Серафимовские чтения устроил отец Николай. С благословения белгородского владыки Иоанна они проводятся ежегодно. Во второе посещение Ракитного я получил приглашение принять в них участие.

Отец Николай подарил изданную им книгу об отце Серафиме (Тяпочкине). В ней собраны воспоминания его духовных чад. Собрав воедино некоторые свидетельства, можно составить целостную картину жизни отца Серафима.

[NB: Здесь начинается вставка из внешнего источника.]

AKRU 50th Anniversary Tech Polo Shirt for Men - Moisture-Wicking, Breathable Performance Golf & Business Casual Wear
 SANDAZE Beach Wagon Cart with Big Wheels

До принятия монашества его звали Димитрием. Он родился в семье царского полковника, а глаза ему закрыл полковник советский — Герой Советского Союза Митрофан Дмитриевич Гребенкин. Но это был не лагерный начальник, а верное духовное чадо. Он сидел у изголовья своего умирающего духовного отца, два месяца не отходя от него ни на шаг. «Неусыпаемый ты мой», — называл его ласково отец Серафим.

Жизнь отца Серафима, ставшего священником при большевиках, объявивших войну Церкви, похожа на жизнь тысяч священнослужителей: сталинские гонения, смерть жены, детей, арест, долгий срок заключения в ГУЛАГе, мытарства по выходе на свободу, потом хрущевские гонения. И все же это особенная жизнь.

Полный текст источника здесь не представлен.